**Required action:**
Write out, from the entries below, exactly the lines that run between the lines holding "Front view of" and "Śpiąca lalka w", inclusive, and stop there.

**Source material:**
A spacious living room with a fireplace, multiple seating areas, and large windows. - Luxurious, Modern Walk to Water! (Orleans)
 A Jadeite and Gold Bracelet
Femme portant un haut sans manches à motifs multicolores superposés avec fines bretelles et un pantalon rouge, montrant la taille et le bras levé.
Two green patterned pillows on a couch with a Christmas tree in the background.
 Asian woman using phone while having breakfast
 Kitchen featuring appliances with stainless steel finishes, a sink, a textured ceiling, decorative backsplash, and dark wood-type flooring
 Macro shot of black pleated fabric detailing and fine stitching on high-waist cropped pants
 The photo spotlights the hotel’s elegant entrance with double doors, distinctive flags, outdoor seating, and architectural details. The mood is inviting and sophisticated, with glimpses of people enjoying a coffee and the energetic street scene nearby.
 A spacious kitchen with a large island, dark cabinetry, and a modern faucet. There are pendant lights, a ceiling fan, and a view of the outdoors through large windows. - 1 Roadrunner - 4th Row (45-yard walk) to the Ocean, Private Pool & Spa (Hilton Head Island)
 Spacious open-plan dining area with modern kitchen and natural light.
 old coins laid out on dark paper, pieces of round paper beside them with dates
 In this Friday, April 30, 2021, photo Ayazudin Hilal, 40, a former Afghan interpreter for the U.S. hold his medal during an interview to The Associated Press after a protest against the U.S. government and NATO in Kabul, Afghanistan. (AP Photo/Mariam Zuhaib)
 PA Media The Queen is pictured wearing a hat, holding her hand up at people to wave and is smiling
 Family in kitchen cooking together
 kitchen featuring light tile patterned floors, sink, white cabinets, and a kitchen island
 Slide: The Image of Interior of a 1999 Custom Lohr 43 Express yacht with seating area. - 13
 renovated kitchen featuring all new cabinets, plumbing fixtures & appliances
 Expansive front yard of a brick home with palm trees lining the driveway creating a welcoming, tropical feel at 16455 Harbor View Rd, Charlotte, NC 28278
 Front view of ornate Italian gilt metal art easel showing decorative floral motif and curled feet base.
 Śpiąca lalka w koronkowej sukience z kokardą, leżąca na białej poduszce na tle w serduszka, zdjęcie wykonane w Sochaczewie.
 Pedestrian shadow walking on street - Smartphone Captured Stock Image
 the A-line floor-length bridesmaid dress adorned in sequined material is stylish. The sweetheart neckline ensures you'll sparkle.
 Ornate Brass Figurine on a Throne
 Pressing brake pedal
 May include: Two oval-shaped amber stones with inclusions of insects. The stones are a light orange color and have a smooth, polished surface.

**Response to this task:**
 Front view of ornate Italian gilt metal art easel showing decorative floral motif and curled feet base.
 Śpiąca lalka w koronkowej sukience z kokardą, leżąca na białej poduszce na tle w serduszka, zdjęcie wykonane w Sochaczewie.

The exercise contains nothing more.